Background: Plant inducible immunity includes the accumulation of a set of defense proteins during infection called pathogenesis-related (PR) proteins, which are grouped into families termed PR-1 to PR-17. The PR-5 family is composed of thaumatin-like proteins (TLPs), which are responsive to biotic and abiotic stress and are widely studied in plants. TLPs were also recently discovered in fungi and animals. In the poplar genome, TLPs are over-represented compared with annual species and their transcripts strongly accumulate during stress conditions.

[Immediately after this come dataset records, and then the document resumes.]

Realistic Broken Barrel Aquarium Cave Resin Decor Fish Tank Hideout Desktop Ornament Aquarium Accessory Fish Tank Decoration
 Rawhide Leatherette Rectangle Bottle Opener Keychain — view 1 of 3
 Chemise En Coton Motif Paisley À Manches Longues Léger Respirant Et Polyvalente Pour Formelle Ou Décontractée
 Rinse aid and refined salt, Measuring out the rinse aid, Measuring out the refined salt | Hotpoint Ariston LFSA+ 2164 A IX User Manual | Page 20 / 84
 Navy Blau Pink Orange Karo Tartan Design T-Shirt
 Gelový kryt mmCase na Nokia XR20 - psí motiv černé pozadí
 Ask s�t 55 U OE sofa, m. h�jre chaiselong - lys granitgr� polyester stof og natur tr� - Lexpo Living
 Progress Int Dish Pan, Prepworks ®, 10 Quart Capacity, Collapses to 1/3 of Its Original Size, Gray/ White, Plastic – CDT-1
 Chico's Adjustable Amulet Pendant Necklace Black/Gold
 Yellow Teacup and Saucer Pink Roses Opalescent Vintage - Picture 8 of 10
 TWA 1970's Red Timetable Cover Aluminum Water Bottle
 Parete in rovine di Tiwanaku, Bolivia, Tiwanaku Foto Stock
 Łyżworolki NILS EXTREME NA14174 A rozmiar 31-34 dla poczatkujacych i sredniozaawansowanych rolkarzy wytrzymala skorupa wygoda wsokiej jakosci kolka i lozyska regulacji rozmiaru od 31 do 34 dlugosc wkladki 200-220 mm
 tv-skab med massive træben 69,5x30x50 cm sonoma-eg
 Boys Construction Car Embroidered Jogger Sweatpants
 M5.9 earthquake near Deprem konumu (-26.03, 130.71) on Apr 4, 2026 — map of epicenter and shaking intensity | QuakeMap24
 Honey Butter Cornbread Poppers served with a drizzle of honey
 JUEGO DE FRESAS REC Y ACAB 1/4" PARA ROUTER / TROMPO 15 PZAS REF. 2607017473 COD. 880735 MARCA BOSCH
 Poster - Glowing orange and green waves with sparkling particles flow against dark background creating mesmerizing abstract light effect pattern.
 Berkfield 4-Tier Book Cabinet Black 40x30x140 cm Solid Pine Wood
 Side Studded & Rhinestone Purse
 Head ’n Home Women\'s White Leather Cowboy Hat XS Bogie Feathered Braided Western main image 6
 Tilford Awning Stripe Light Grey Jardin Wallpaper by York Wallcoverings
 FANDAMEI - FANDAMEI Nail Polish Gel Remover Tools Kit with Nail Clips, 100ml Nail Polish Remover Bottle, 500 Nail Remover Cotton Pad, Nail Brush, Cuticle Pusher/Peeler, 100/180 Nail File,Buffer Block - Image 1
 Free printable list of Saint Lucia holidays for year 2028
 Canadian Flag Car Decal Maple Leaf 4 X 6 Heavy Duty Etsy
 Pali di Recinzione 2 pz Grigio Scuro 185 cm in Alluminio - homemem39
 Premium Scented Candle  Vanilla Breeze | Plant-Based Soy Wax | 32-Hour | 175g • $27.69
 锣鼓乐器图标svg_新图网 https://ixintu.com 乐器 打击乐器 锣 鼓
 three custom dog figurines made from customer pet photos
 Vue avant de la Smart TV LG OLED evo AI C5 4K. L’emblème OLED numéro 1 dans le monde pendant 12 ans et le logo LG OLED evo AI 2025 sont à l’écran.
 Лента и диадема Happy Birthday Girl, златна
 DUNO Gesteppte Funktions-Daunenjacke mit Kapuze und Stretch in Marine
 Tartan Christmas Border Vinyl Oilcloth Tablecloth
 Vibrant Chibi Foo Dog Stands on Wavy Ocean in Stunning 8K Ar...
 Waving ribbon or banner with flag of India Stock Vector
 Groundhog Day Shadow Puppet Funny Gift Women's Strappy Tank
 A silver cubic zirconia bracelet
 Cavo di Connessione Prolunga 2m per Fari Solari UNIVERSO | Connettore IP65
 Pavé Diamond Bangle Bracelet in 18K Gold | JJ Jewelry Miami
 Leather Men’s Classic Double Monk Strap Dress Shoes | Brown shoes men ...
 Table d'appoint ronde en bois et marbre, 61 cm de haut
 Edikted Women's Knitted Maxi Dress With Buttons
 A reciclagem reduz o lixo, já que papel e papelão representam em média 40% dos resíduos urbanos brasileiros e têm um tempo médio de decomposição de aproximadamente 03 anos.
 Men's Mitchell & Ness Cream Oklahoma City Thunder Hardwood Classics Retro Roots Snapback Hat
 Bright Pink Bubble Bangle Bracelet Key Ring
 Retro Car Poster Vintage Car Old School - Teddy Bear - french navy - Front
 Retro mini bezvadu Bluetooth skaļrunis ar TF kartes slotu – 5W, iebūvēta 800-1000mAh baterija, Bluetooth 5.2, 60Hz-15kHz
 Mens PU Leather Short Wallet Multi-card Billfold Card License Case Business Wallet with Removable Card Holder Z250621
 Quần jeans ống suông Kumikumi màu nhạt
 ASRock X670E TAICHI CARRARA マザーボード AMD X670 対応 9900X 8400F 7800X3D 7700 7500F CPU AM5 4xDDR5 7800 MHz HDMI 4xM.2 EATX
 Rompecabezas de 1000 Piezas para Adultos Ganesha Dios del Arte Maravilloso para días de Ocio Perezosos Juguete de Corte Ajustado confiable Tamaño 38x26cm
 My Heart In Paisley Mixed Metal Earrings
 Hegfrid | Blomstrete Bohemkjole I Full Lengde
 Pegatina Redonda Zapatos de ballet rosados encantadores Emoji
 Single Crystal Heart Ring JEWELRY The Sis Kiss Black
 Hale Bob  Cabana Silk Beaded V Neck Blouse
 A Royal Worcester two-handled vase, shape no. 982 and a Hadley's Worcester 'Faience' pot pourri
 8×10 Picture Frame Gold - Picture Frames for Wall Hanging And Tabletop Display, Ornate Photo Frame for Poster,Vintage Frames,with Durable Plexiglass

Results: Our analysis of the poplar TLP family suggests that the expansion of this gene family was followed by diversification, as differences in expression patterns and predicted properties correlate with phylogeny. In particular, we identified a clade of poplar TLPs that cluster to a single 350 kb locus of chromosome I and that are up-regulated by poplar leaf rust infection. A wider phylogenetic analysis of eukaryote TLPs - including plant, animal and fungi sequences - shows that TLP gene content and diversity increased markedly during land plant evolution. Mapping the reported functions of characterized TLPs to the eukaryote phylogenetic tree showed that antifungal or glycan-lytic properties are widespread across eukaryote phylogeny, suggesting that these properties are shared by most TLPs and are likely associated with the presence of a conserved acidic cleft in their 3D structure. Also, we established an exhaustive catalog of TLPs with atypical architectures such as small-TLPs, TLP-kinases and small-TLP-kinases, which have potentially developed alternative functions (such as putative receptor kinases for pathogen sensing and signaling).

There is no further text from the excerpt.